Search code examples
ruby-on-railsseorobots.txt

Rails app and robots.txt best practice


I was wondering what is the standard practice for a rails app robots.txt file. i.e. which folders are generally prevented from the robots tracking.

My current robots.txt file is:

# User-agent: *
# Disallow: /
Disallow: /public/uploads/
Sitemap: www.mysite.co.za/sitemap.xml


My question is, do most people disallow /public/uploads from being tracked?

I also have a number of models/pages in which only the Admin user can access and perform the CRUD operations. This is protected by devise. I was wondering if it is necessary for these to be disallowed in the robots.txt file, and whether the spider is even able to index these pages (because they are protected for admin use only).
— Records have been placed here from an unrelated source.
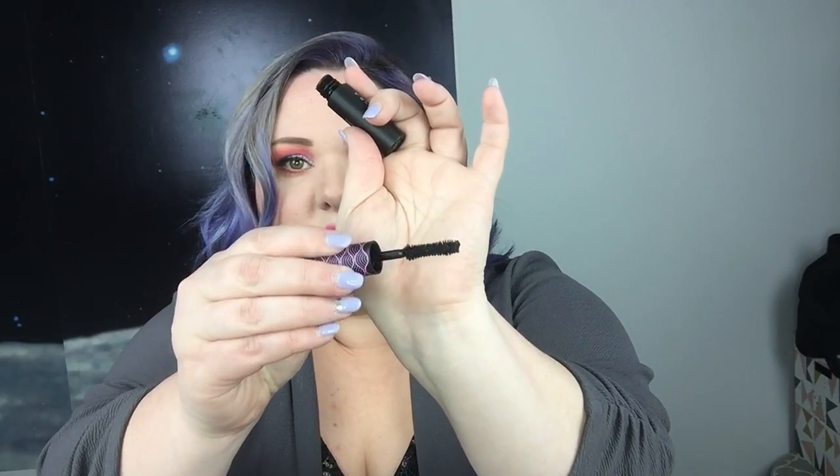Next up we have a mascara — this is the Lash Craft Big Volume Mascara from the Sephora brand. Sephora has their own personal brand and Ulta has theirs too, but I haven't really tried much from either so I'm excited to give this a try. It is a sample size — I'm a little surprised they didn't give us a full size since it's their own brand. The packaging is kind of cute and it's a nicely shaped wand.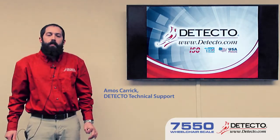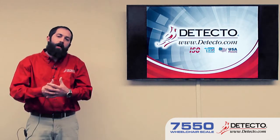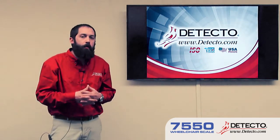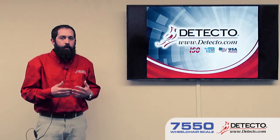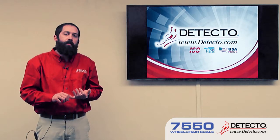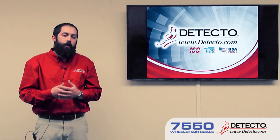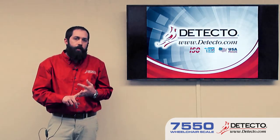Today we're going to be doing some technical training. We're not going to be anything really in-depth, not going to do a whole lot of troubleshooting, anything too technical. What we are going to do is a technical overview of some of our newer scales. We're going to start with the 7550, which has actually been out for a while, but it's still relatively new and good to be refreshed on. We're also going to take a look at the Apex, Solo, and Icon scales.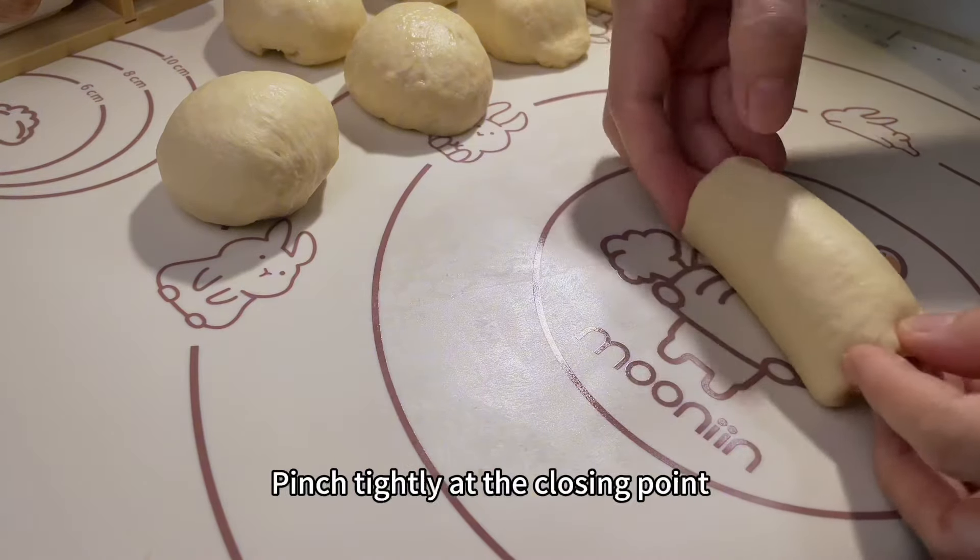The bread is salty, fragrant, and soft, combined with a crispy cheese crust, making it so delicious that you can't stop.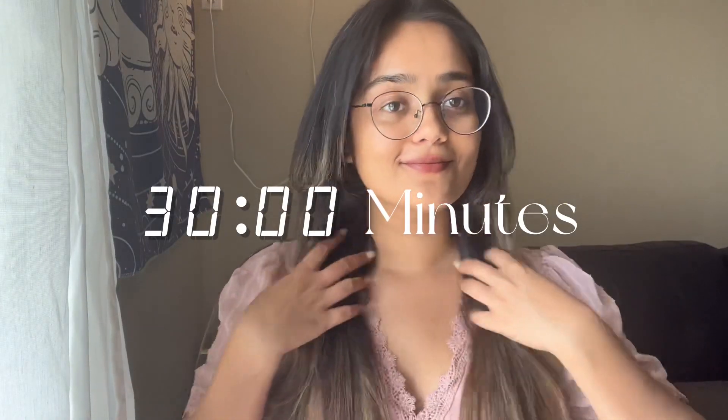Now I'm going to let it rest for 30 minutes. After 30 minutes, it's time to rinse off the hair mask. Use lukewarm water to thoroughly rinse your hair, then follow up with your regular shampoo and conditioner routine.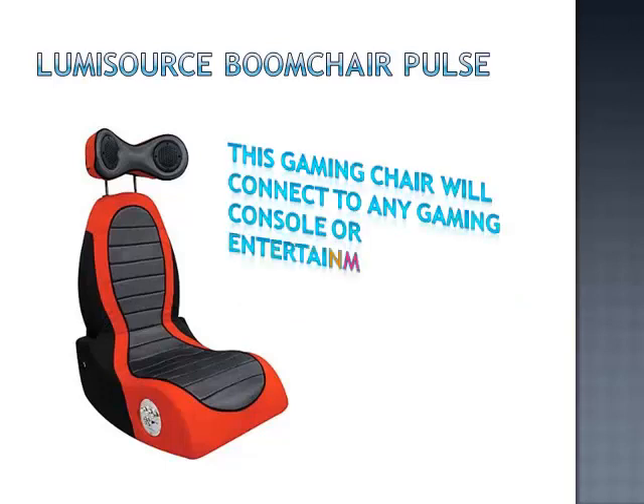This versatile gaming chair will connect to any gaming console or entertainment system. The side controls will let you adjust the volume, vibration and bass.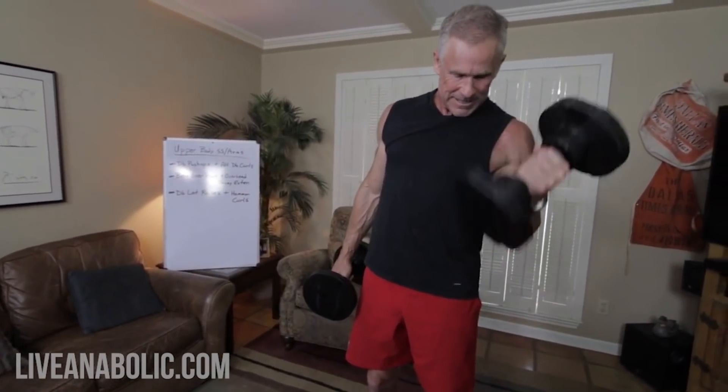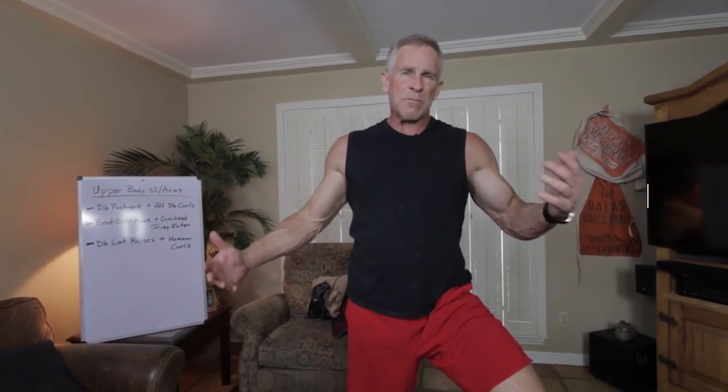Supersets are going to get you a little out of breath because we're working lots of different muscles with absolutely no rest. Pushups hit your chest, but don't forget — it's not just your pecs. It also works your shoulders, and to a lesser degree your lats and triceps. That's a great compound exercise. Then with no rest you stand up and knock out 10 good alternating curls. I already have a great pump going just from the first set. Do three sets of this superset.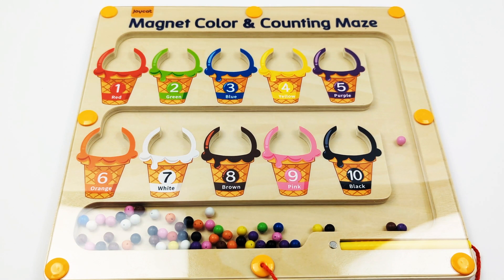Hey activity learners, let's do a magnet, color, and counting maze. We need to add the right color and number of beads to the correct ice cream cones.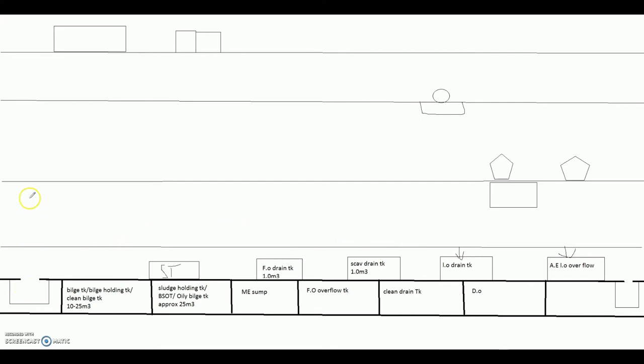From bilges, anything that comes out inside the engine room is actually a bilge. The design is such that it will keep draining down — ultimately it will come down to the bilge well.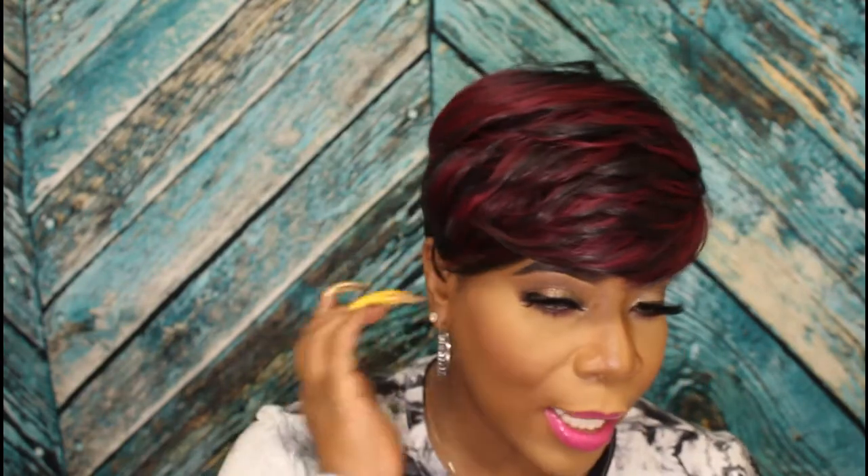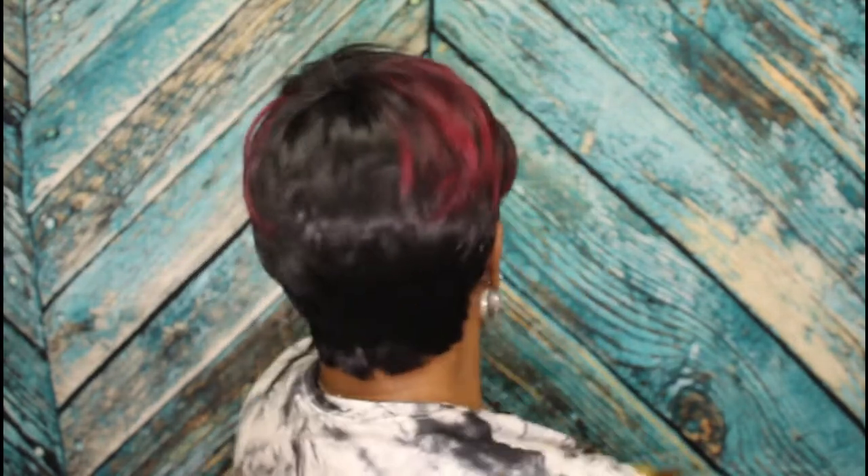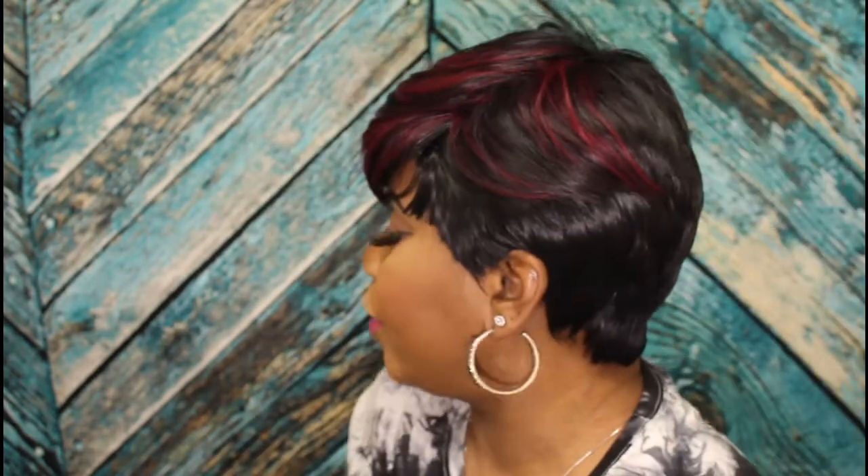Okay, now I'm gonna let you see this unit from all sides. The right side of the unit. The back of the unit. The left side of the unit. And you already know what she looks like from the front. Fabulous. Gorge.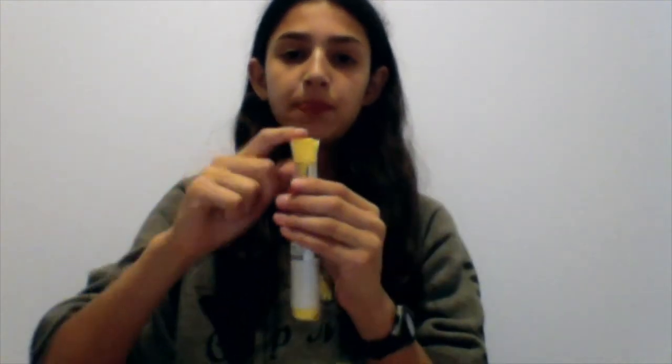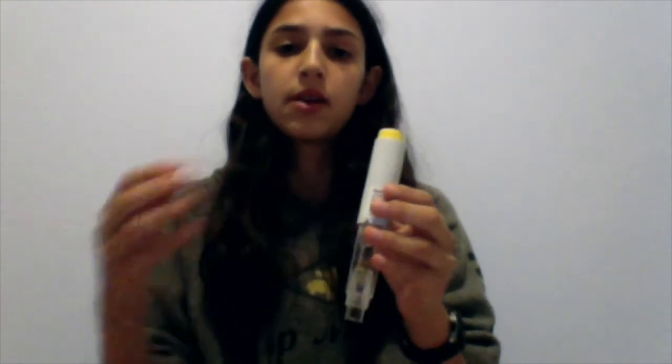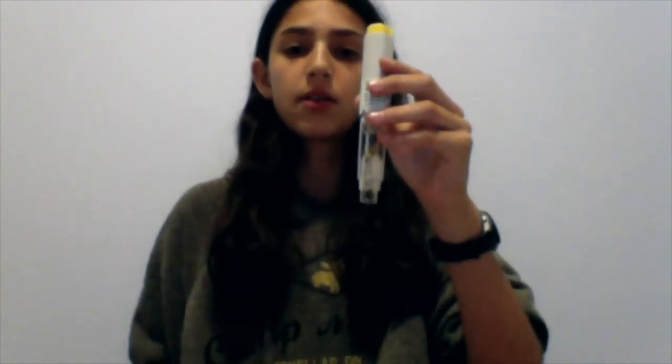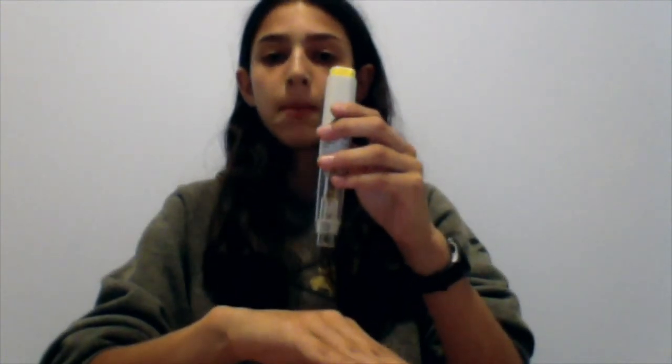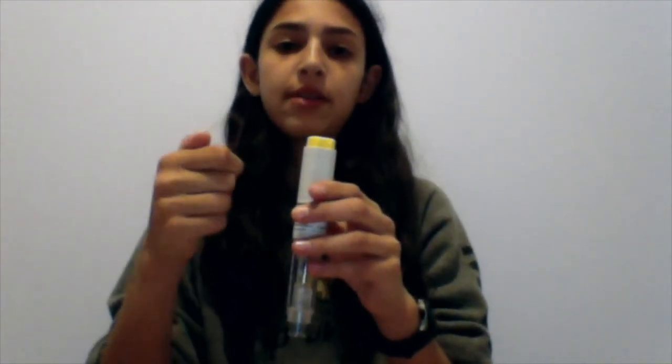Your first step in getting the injector ready is to pull off the yellow top right here — it feels kind of weird but you're just going to pull it back. So now the injector is ready. It's kind of like a spring. You're going to take the circular clear plastic part and press it down all the way onto your injection site. Then the yellow button up here, you're just going to push it, hold it on your leg or stomach or wherever you're doing the injection, and count to five seconds to make sure all the liquid goes in. Then you just take it off the injection site and you should be good to go.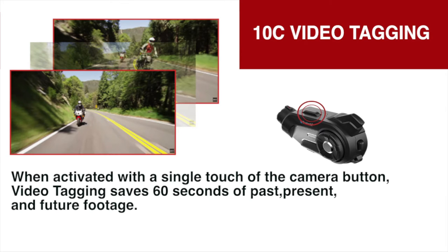When activated with a single touch of the camera button, video tagging will save 60 seconds each of the past, present, and future footage, so you can choose the best shot of that special moment.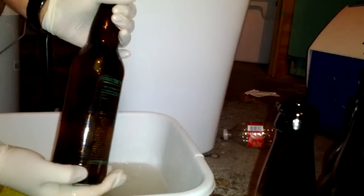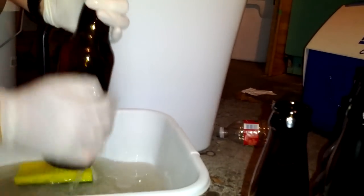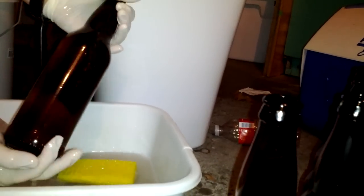So it works for Stone, Arrogant Bastard, and probably any other bottle that you have with printed silk screen on it. So there you go.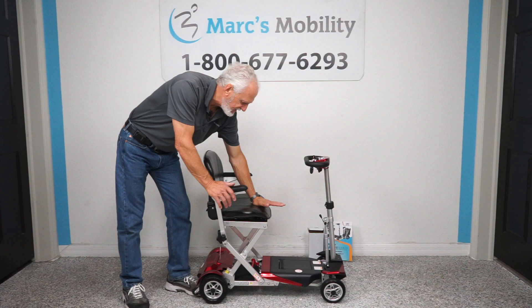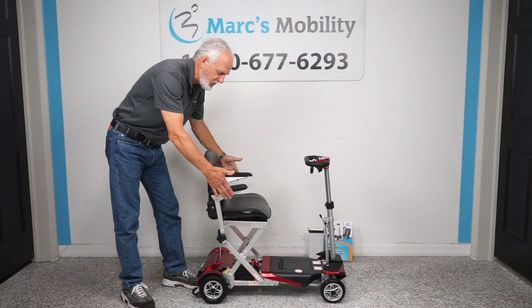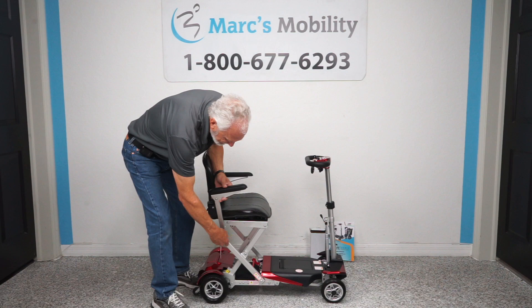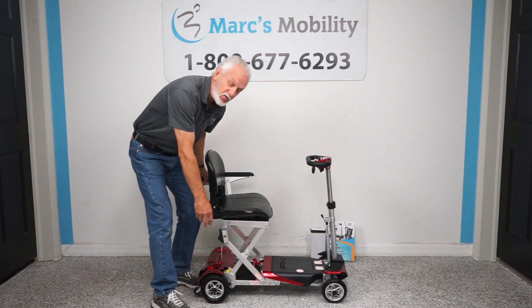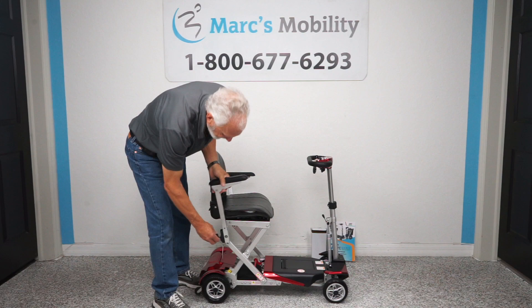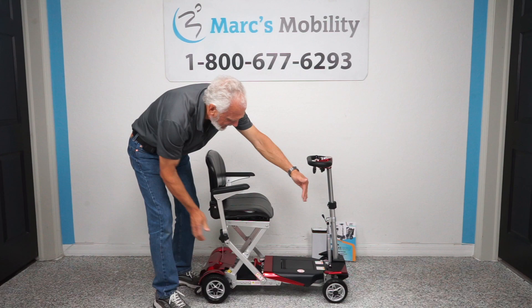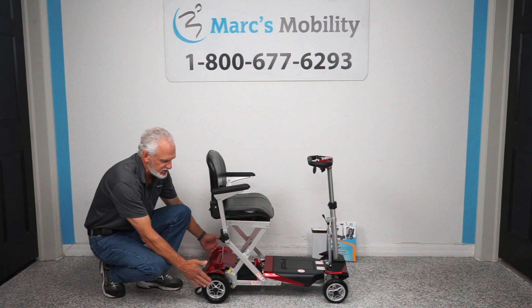You have arms that are removable. If you leave the arms, you're going to be at 24 inches from outside to outside of arm. If you take the arms off — just by removing this little knob right here — you can take the arm off and then the total width of your scooter is 22 inches. The length of the scooter from front to back is 38 inches.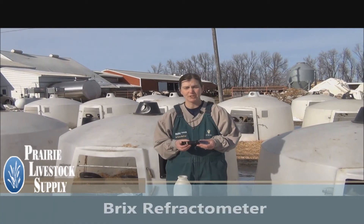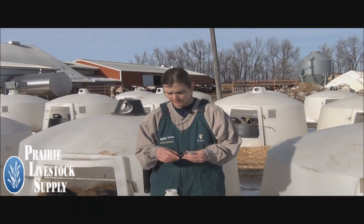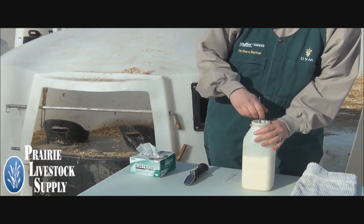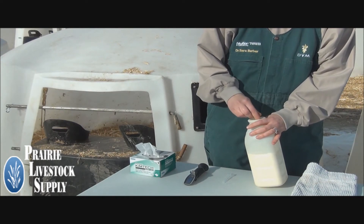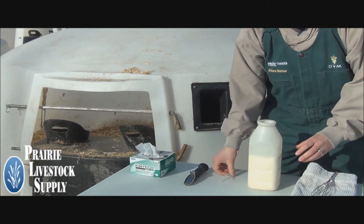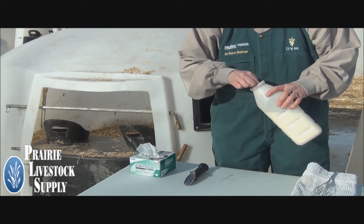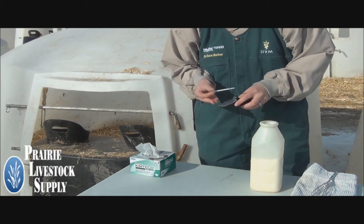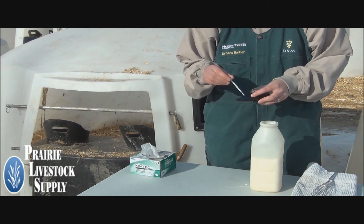The BRICS Refractometer is a tool that can be used on farm to determine the quality of colostrum. The first step to use it is to stir your colostrum. The temperature of the colostrum will not affect the accuracy of the test. Then pull up a small amount of colostrum, making sure you get below the level of foam to get an accurate reading.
e.g. I have a category model to which only the admin can do CRUD on. Should I add:

Disallow: /categories/

(or is it with the *)

Disallow: /categories/*


These are all my queries around robots.txt usage in rails. Does this make sense?
Thanks,
Matt


Solution

  • Your robots.txt isn’t correct, as you have no User-agent line (at least one is required per block). (# starts comments, so the first two lines are comments.)

    Only you can decide if you want to disallow the crawling of URLs whose paths start with /public/uploads/. Are there resources you might want bots to access/crawl? If yes, don’t block it.

    Appending an * would block only that: URL paths that literally contain /public/uploads/* (some bots might give the * additional meaning, but this is not part of the original robots.txt specification). So you should not append an *.

    If your protection of the admin pages works, bots, of course, can’t visit the actual admin pages. They’ll probably see an error page (depending on your implementation). If you send the correct status code (e.g., 403, or 404), you don’t have to block them in your robots.txt. But it won’t hurt either (and can save you in situations where you really mess something up).

    Also, the content for Sitemap should be the full URL (you are omitting the protocol).